WORK TO BE COMPLETED. Beginning at the line containing "Avery Dividers<Style Numeric", give again every line through the end of the data, unchanged and with both ends included. Drop any pictures.

Crawled caption data.
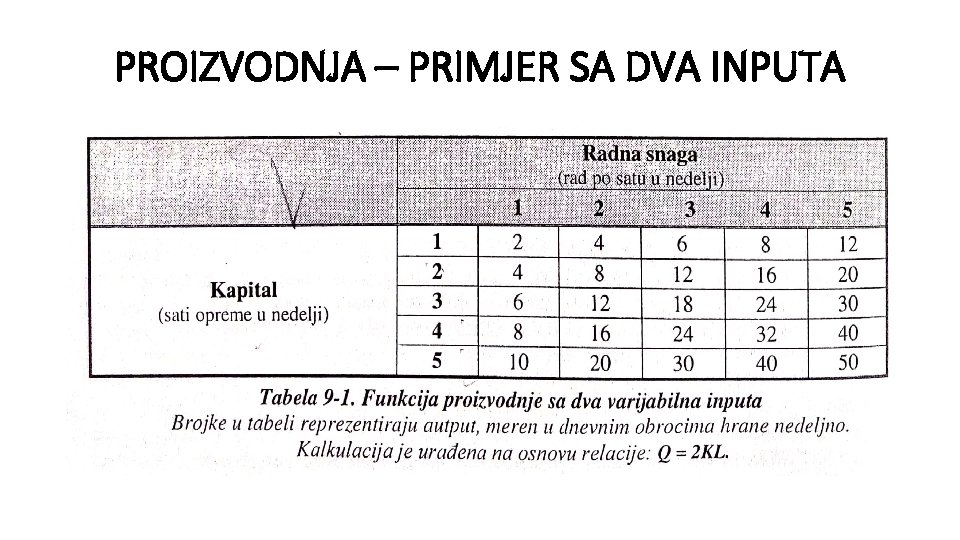 PROIZVODNJA – PRIMJER SA DVA INPUTA 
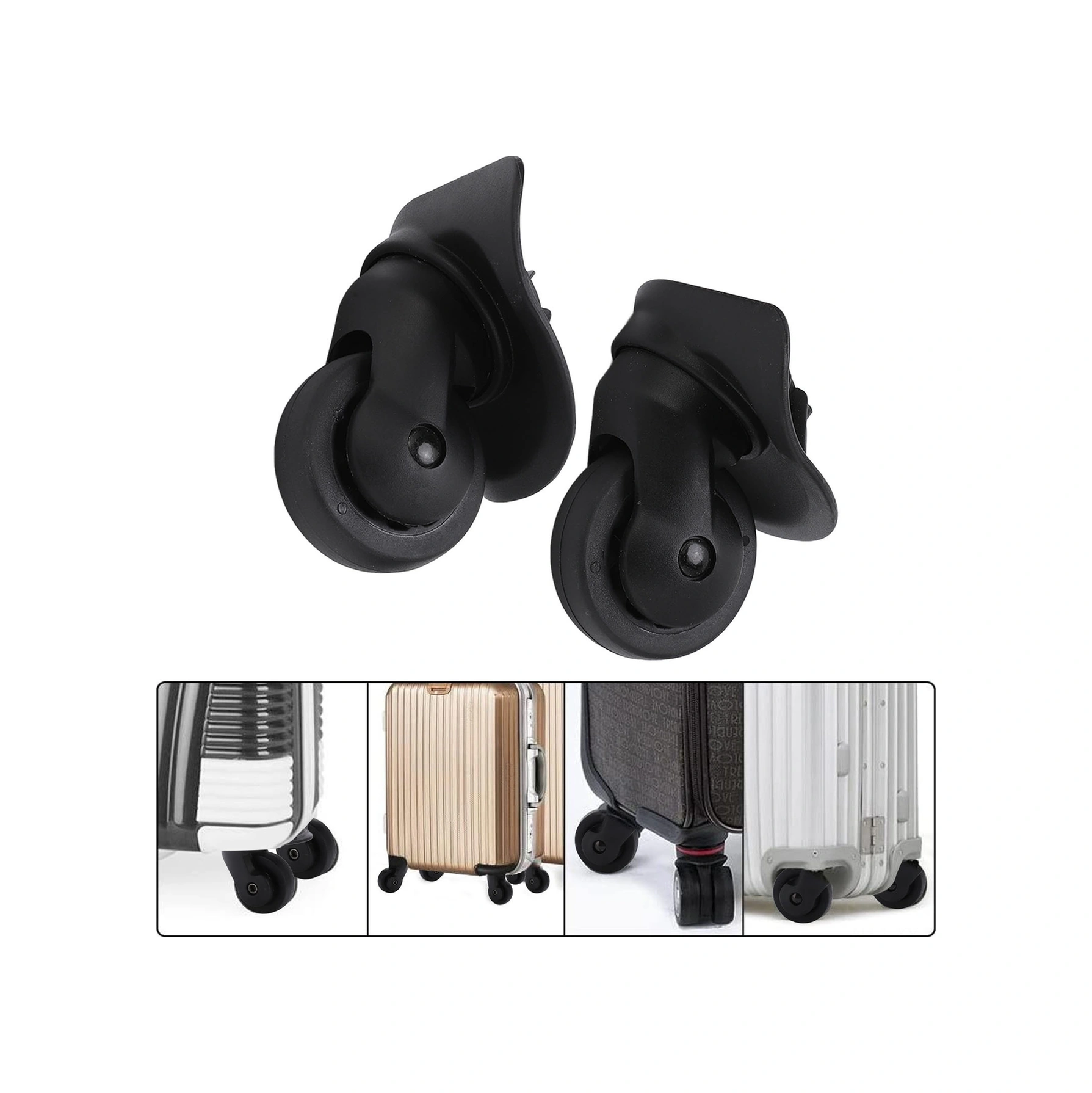 Shineyee A52 Siyah Valiz Tekerlekleri - Pp+pet Malzeme, Sessiz Ve Dayanıklı, Kolay Kurulum, Valiz Tamiri Aksesuarı 1 Çift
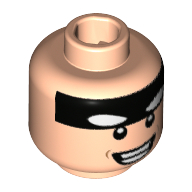 Lego Minifig Head Batman, Black Stripe on Forehead, Broad Mean Smile Teeth Print [Hollow Stud] / Light Nougat
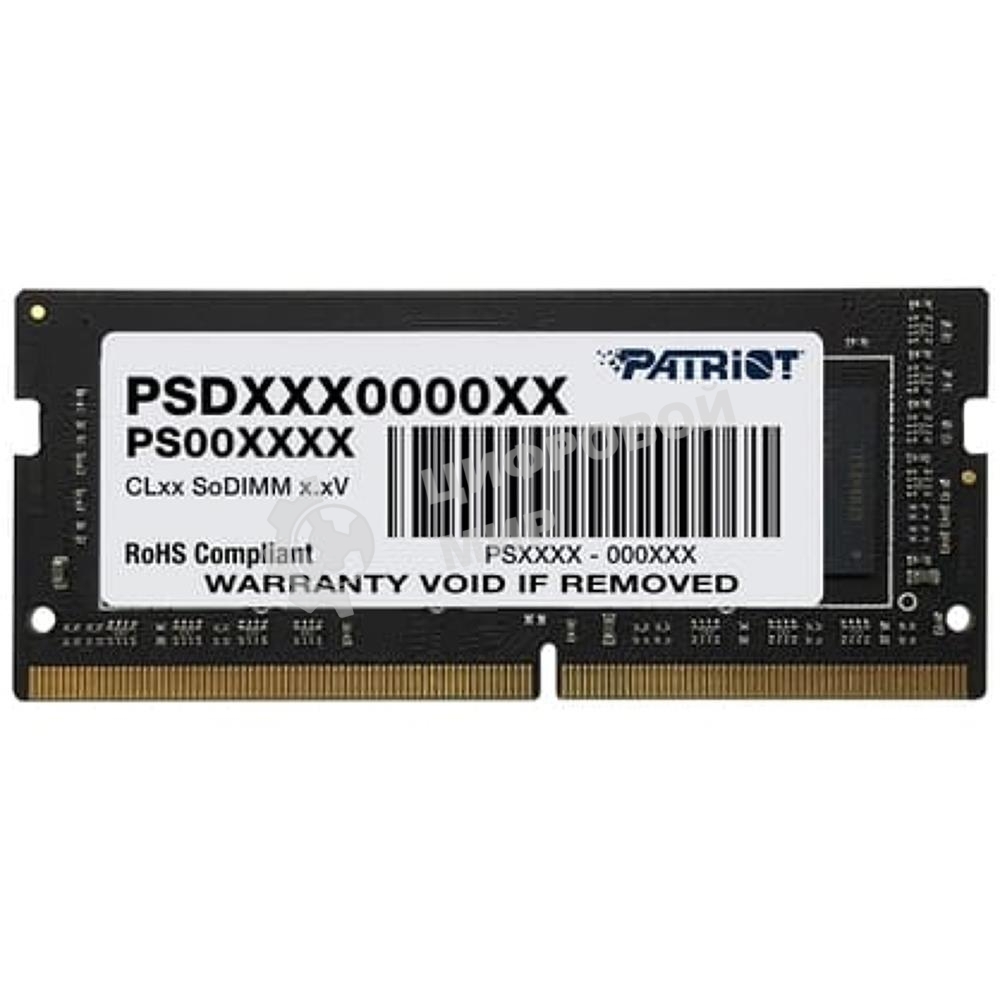 Оперативная память Patriot Signature, DDR4, 8GB (1x8 GB), 3200 MHz, CL22, SO-DIMM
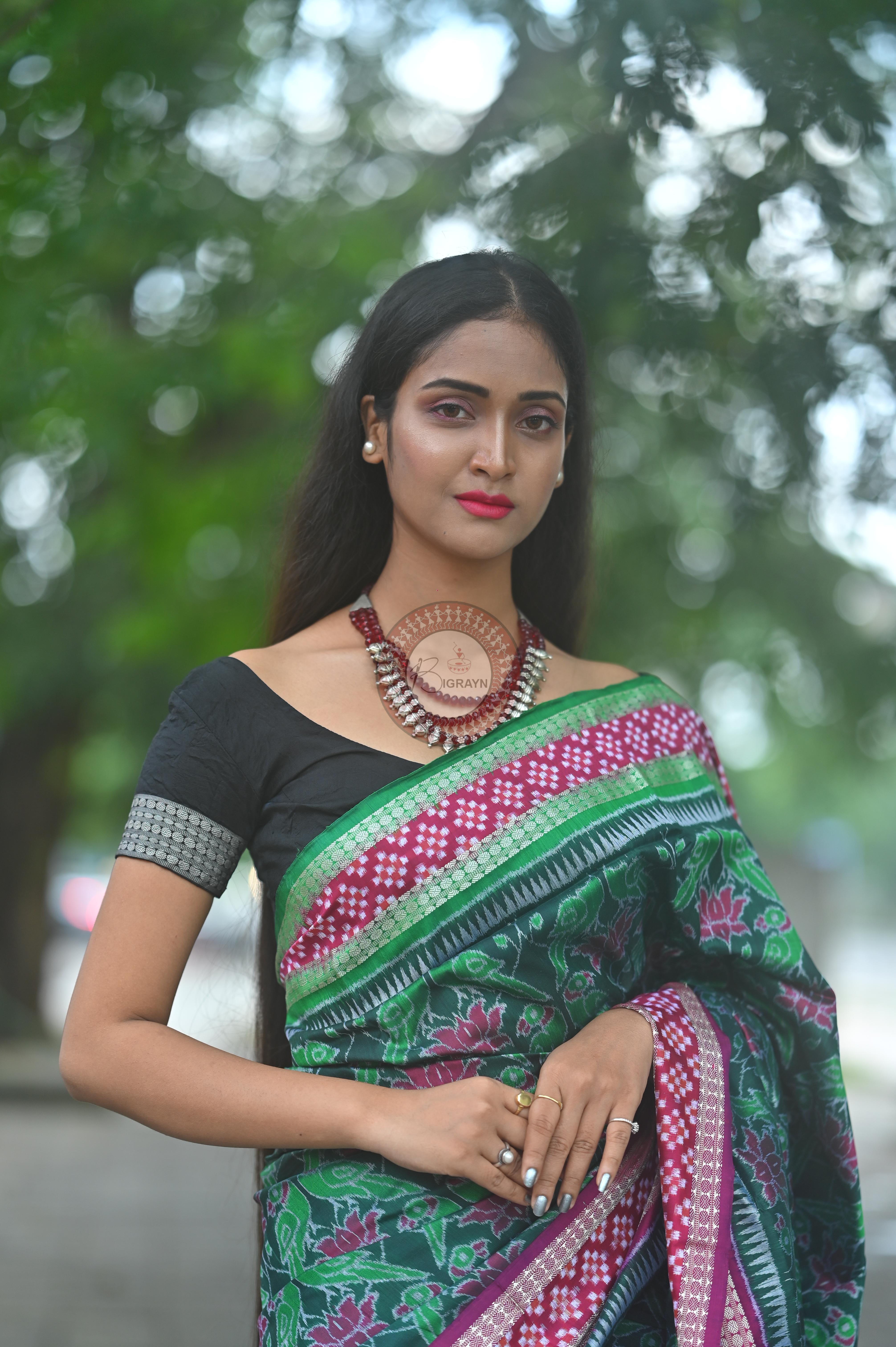 Green Magenta Lotus & Parrot Special Sambalpuri Silk Saree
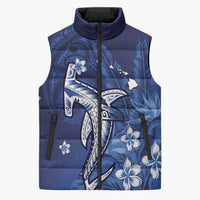 Personalized Hawaiian Maori Hammerhead Shark Sleeveless Puffer Jacket Polu Plumeria LT9 Unisex Blue - Polynesian Pride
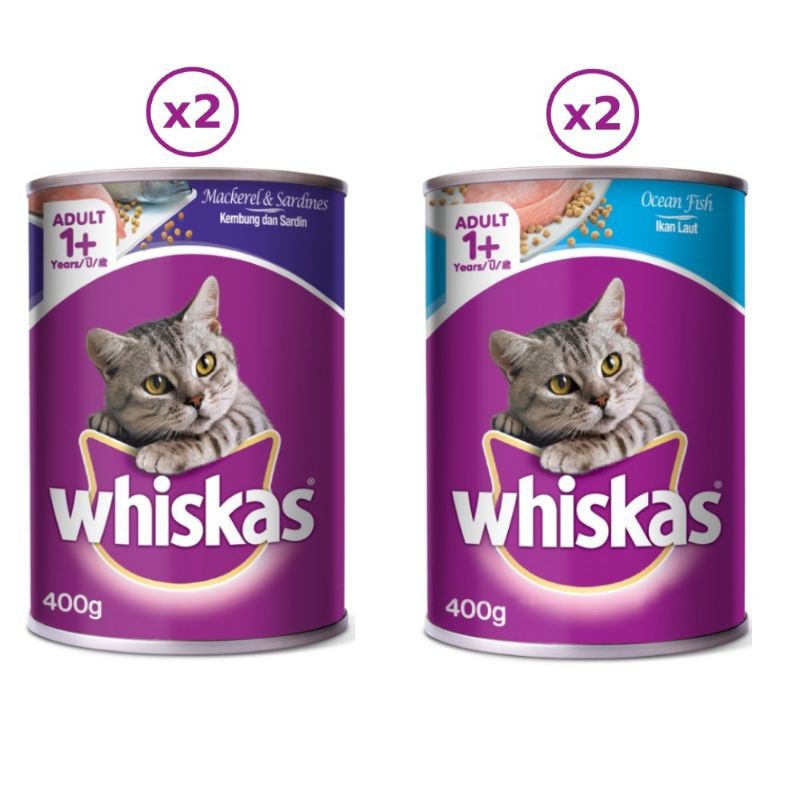 Bộ thức ăn 2 lon pate mèo whiskas 400g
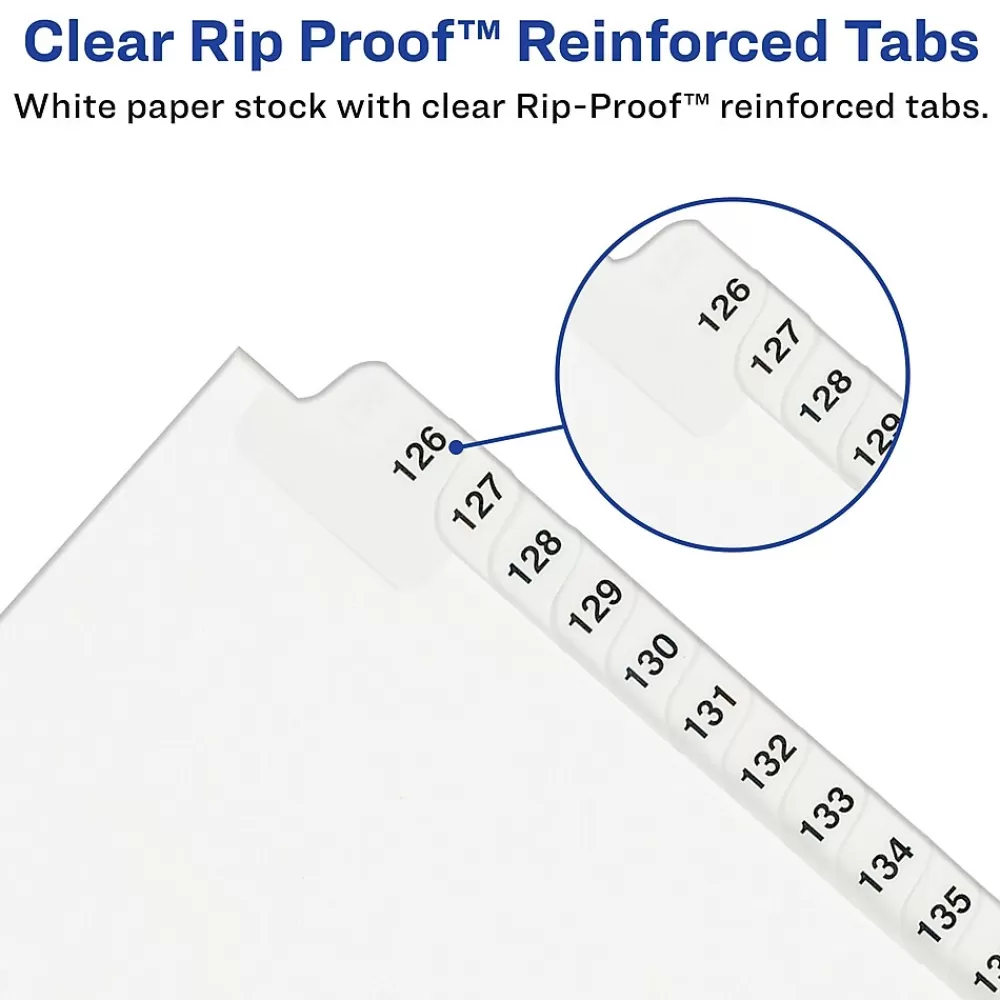 Avery Dividers<Style Numeric 51-75 Paper Dividers, 25 Tabs, White (01332)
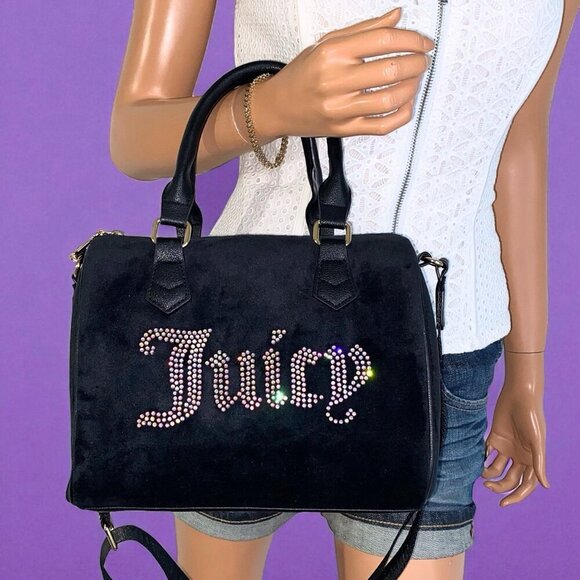 Juicy Couture Black Velvet with Iridescent Rhinestones Obsession Satchel Bag NWT - Picture 6 of 11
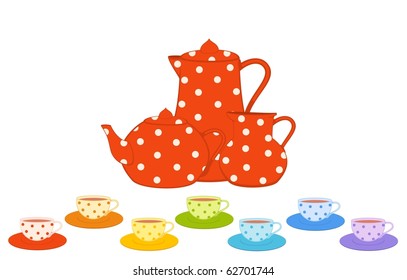 Vector set of color beautiful cups and red tea-pots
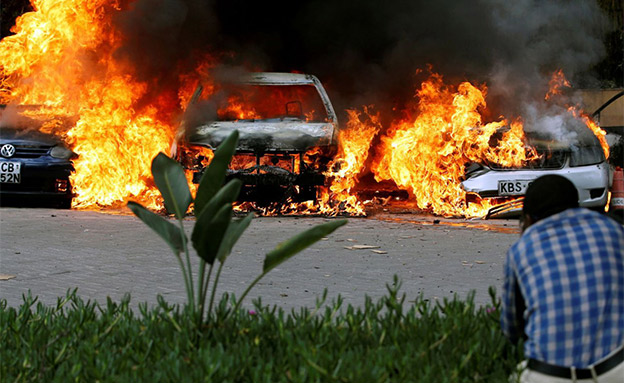 זירת הפיגוע, ניירובי (צילום: Sky News, חדשות)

EXERCISE RESPONSE.
 Avery Dividers<Style Numeric 51-75 Paper Dividers, 25 Tabs, White (01332)
 Juicy Couture Black Velvet with Iridescent Rhinestones Obsession Satchel Bag NWT - Picture 6 of 11
 Vector set of color beautiful cups and red tea-pots
 זירת הפיגוע, ניירובי (צילום: Sky News, חדשות)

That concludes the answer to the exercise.